**PROMPT:**
Please report how many lines in the following material hold the string "Girls", giving only the number.

**RECORD EXCERPTS:**
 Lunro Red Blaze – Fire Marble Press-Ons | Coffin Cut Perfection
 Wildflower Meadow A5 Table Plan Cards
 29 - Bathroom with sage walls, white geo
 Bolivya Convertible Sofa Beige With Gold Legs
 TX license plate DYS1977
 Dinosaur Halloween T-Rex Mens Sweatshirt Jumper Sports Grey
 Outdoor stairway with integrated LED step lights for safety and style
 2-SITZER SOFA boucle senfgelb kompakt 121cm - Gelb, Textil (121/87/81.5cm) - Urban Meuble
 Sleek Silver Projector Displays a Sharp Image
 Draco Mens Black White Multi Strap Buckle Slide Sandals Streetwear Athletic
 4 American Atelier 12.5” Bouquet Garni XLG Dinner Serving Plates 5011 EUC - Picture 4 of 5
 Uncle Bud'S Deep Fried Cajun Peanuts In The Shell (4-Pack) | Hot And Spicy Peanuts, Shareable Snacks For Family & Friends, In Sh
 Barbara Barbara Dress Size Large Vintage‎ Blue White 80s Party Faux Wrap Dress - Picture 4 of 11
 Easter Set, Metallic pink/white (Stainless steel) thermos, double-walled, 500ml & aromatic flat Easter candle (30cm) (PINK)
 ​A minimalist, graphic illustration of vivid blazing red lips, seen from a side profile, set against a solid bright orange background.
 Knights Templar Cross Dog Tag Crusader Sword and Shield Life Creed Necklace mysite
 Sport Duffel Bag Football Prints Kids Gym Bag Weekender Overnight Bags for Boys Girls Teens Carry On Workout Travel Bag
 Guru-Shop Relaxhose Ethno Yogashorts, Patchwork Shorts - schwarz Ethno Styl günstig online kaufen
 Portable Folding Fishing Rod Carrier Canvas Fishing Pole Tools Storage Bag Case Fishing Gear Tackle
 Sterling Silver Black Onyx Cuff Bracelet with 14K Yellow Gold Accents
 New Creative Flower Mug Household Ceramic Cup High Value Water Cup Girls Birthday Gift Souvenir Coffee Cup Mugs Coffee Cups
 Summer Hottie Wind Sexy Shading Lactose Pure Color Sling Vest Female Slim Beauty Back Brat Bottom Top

**RESPONSE AREA:**
2